When Hillary Clinton announced her candidacy for the U.S. Senate from the state of New York in the Autumn of 1999 she quickly was denounced by her political opponents as a carpetbagger—having never previously resided in New York. Ultimately, Clinton achieved a 55—44 percent victory over Republican Rick Lazio, with the vast majority of New Yorkers not viewing Clinton's 'carpetbagging' as an important factor in that Senate race.
When Al Franken announced his candidacy for the U.S. Senate in Minnesota in February of this year, his political opponents began to undertake a similar exercise. However, one problem they faced was that Franken, unlike Clinton, does have ties to the state in which he is seeking to serve. Franken, though born in New York, grew up in St. Louis Park.
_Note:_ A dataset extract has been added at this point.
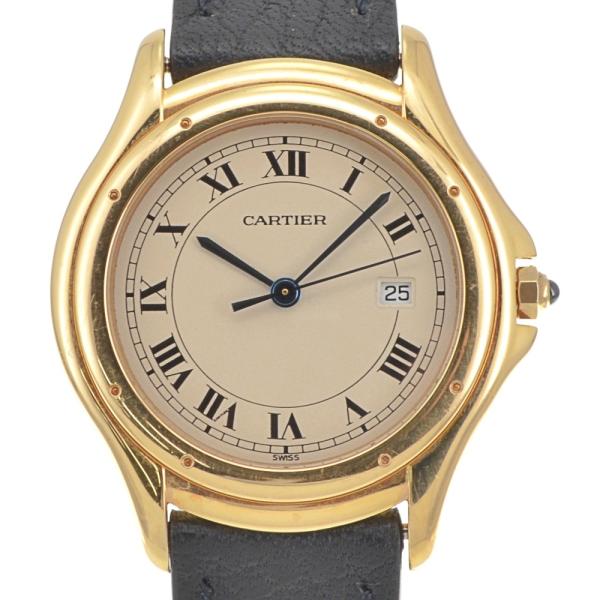 値下 カルティエ CARTIER 887904 パンテール クーガー フィガロ LM デイト K18...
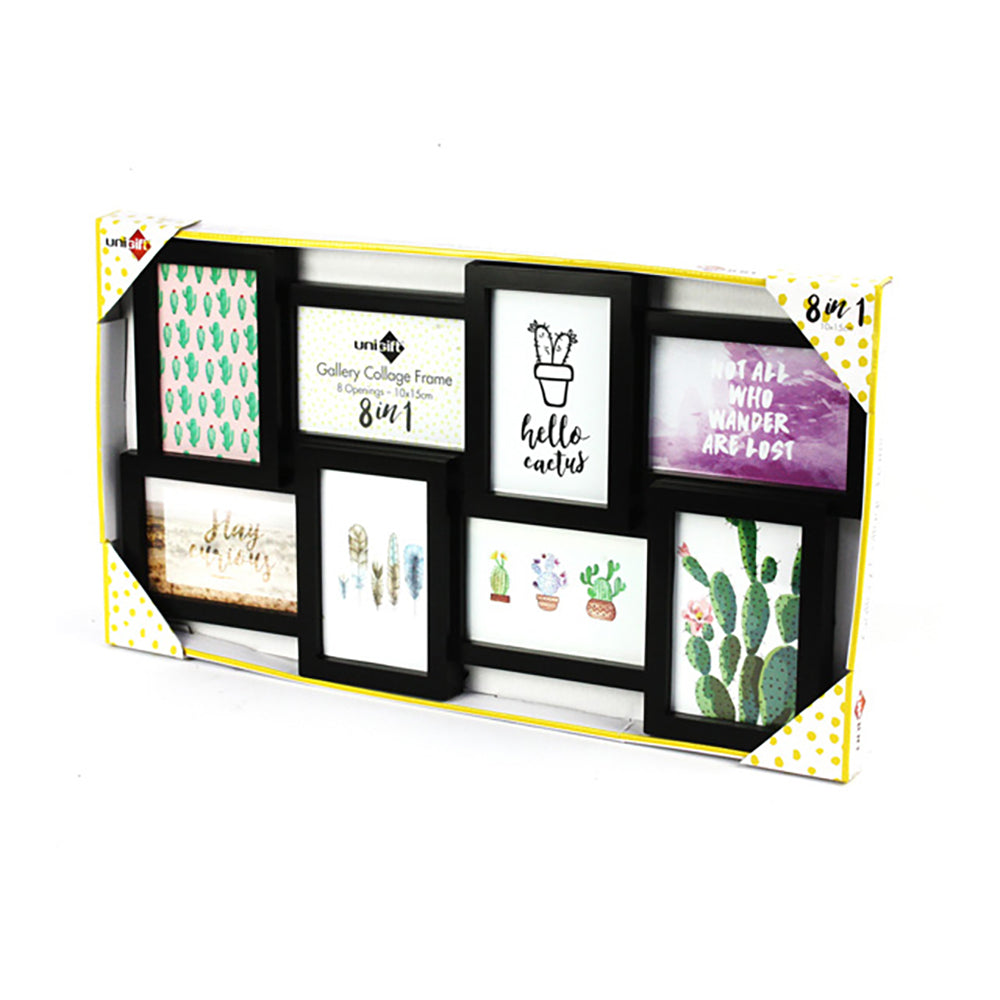 Unigift 8-in-1 PL/Collage 10x15cm Picture/Photo Frame - Black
As such, the tactic taken by Franken's opponents has shifted to undermine the legitimacy of his Minnesota ties by examining who is donating to his Senate campaign. Right-wing blogs and the traditional media have been quick to point out that the vast majority of money raised by the Franken campaign (82 percent of the $1.9 million he raised in the 2nd Quarter of 2007) came from non-Minnesota donors. Incumbent Republican Senator Norm Coleman raised $1.5 million—with 50 percent coming from Minnesota sources.
Franken's campaign has since pointed out that he has more Minnesota contributors than does Coleman, when including those donors that do not have to be reported to the FEC (those who give less than $200).
The truth of the matter is that Franken—like Hillary Clinton—is a nationally known figure, capable of attracting donors from across the country. Through his 15 years of work on Saturday Night Live, penning three #1 New York Times bestsellers, and hosting a nationally syndicated radio show on Air America, Franken has achieved a much greater national reputation than Coleman and fellow DFL contender Mike Ciresi.
Thus, Franken's fundraising numbers are not so newsworthy as some interested parties would make it seem. The real headline would be if Franken was unable to attract vast amounts of money from sources outside the state. Undoubtedly, if this were the case, he would be criticized by his political opponents for a failure to raise money despite his national renown.
It will be interesting to see if and when Franken's fellow U.S. Senate hopefuls—DFLers and Coleman—pick up on this lead and try to make Franken's fundraising a central feature of their campaigns. If Rick Lazio were their political consultants, he might advise against it.